2) Internal Bootlegging which originates from inside the Black community but outside of the industry.
There are also three different modes of Bootlegging:
1) Pre-theatrical release
2) Simultaneous release
3) Post-Theatrical release
It cannot go without saying that the most dangerous model and mode of bootlegging that reveals a plot against African-American films is external bootlegging of a pre-theatrically released film. We can readily identify this type of bootlegged film because this illegal product has tell-tale traits: clear image quality and superior audio accompaniment. These bootlegs have “clear” images and superior audio quality that has not been recorded by smuggling a video camera into the theatre. These bootlegs also have either a time-code bar with numbers running at the top or bottom of the screen throughout the film or the image is interrupted periodically by a “For Promotional Use Only,” inter-title. Although today’s sophisticated movie pirates know how to remove such trace evidence, the main giveaway of External Bootlegging is still the image clarity and audio quality of the bootleg itself. Prevalent throughout the ‘90’s in both VHS and DVD formats, these bootlegs are made from what are called,” Screener Copies” or promotional copies of a film before its theatrical release that are distributed to industry insiders, film critics, academy members, and television producers to create a pre-release “buzz” about an upcoming film.
The Screener Copy is placed into the hands of “connected” individuals with the implied faith that they will not use these copies to bootleg a film before, during or after its theatrical release. With today’s technologically advanced forms of movie piracy, the screener copies from foreign countries (where certain films are released weeks before their domestic release) are digitized and have their English language soundtracks restored for illegal file sharing through various and shifting internet portholes before and during their domestic release dates. An essential point I would like to suggest here is that the “screener copy” should be the most guarded property of any Movie studio, second only to an actual 35mm original negative of a film. Since External Bootlegging is dependent upon the initial circulation and the subsequent “loss, theft or misplacement” of the screener copy itself and the illegal street sales generated by a bootlegged screener copy can impact the domestic box office gross of a film in tens of millions of dollars, a screener copy is not so frivolous a detail in regards to the commercial success or failure of a film.
External bootlegging that is aided and abetted by industry insiders supports pre-theatrical release bootleg sales that detrimentally affect the domestic box office of specific films. For example, we know that one of the most beloved classics of recent African-American cinema, Theodore Witcher’s LOVE JONES (1997) only made 12 million dollars at the box office in its theatrical release, even though it was seen and praised by thousands of people, because it was heavily bootlegged from lost, stolen, or misplaced screener copies that allowed street hustlers in nearly every major African-American city to “hit a lick” or make a nice amount of pocket money as it were, on “clear” VHS bootlegs with superior audio before and during the film’s release.(2) This loss in box office revenue, despite the quality and classic status of LOVE JONES, has negatively affected the decision to ever make a sequel to the film.(3) Later Bryan Barber’s IDLEWILD (2006) would coincidentally make nearly the same amount of money at the box office as it was externally bootlegged before its theatrical release.
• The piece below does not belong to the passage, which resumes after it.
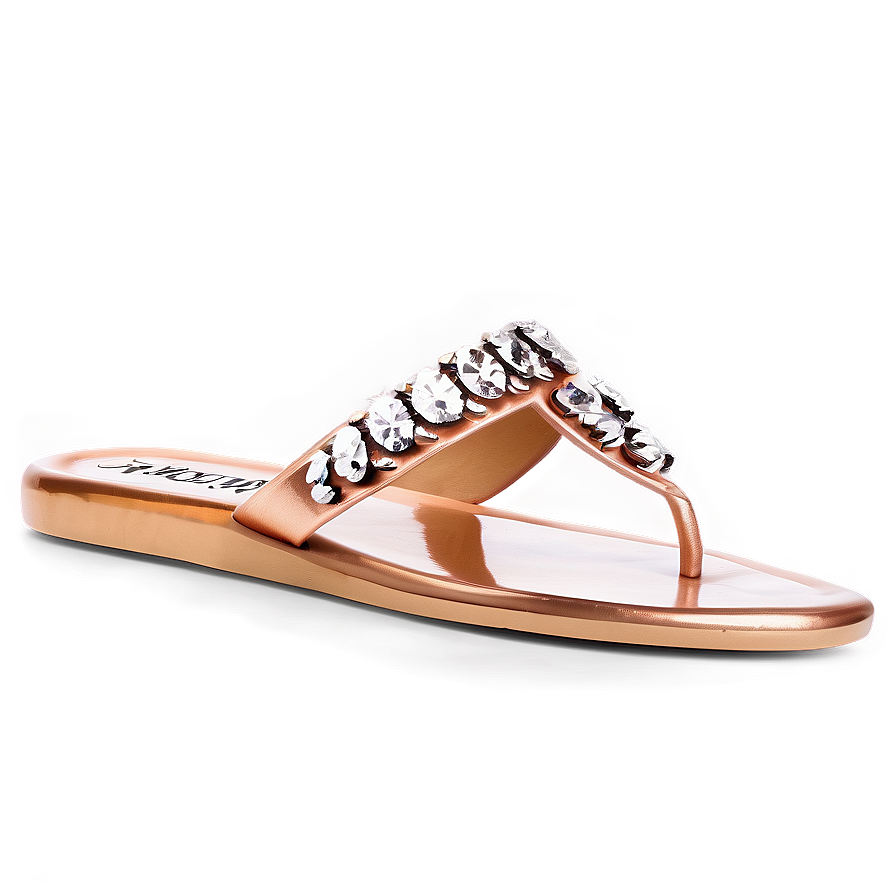 Embellished Sandals Sparkly Png Avm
We would do well here to remember also that in 2007 there were,” bootleg DVD copies of Ridley Scott’s film, AMERICAN GANGSTER circulating for $5 to $10 a piece in African-American communities all across the nation almost 10 days before the film’s theatrical release date of 11-02-07.”(Slave Cinema, 139) These pre-theatrical release bootleg DVD sales hacked into the initial 43 million dollar domestic box office gross of the film, but the damage was offset by other factors which I shall discuss later.
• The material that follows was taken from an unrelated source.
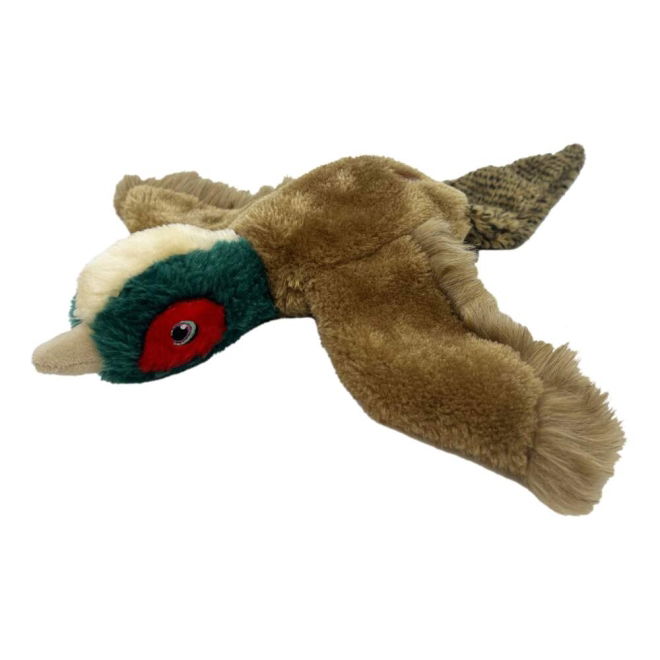 KONG Wild Low Stuff Fasan M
External Bootlegging prior to the theatrical release of an African-American film reveals two important points: 1) That various industry insiders (whether White or Black) didn’t think enough of their screener copies of African-American films to guard and protect them from theft, loss or misplacement, as they do White films; 2) Disgruntled mid-level and mid-career industry employees (White or Black) may have found that using screener copies to supply the Bootleg market with “high quality” source material from which to make their duplications was a great source of untaxable supplemental income that could materialistically make up for the psychological wounds of having their scripts, ideas and concepts rejected while the dreams of the lesser talented were “green lit” and produced in front of them. Again it is the quality of the bootleg (its image and audio clarity) and the trace evidence of time-codes or “For Promotional Use Only” inter-titles that signifies the “inside job” of External Bootlegging along with the fact that these “clear” bootlegs exist prior to the theatrical release of a film. In short, External Bootlegging is but a symbol of the destructive power and financial control that can be exerted upon niche markets by those who are deeply invested in the dominant market within the film industry.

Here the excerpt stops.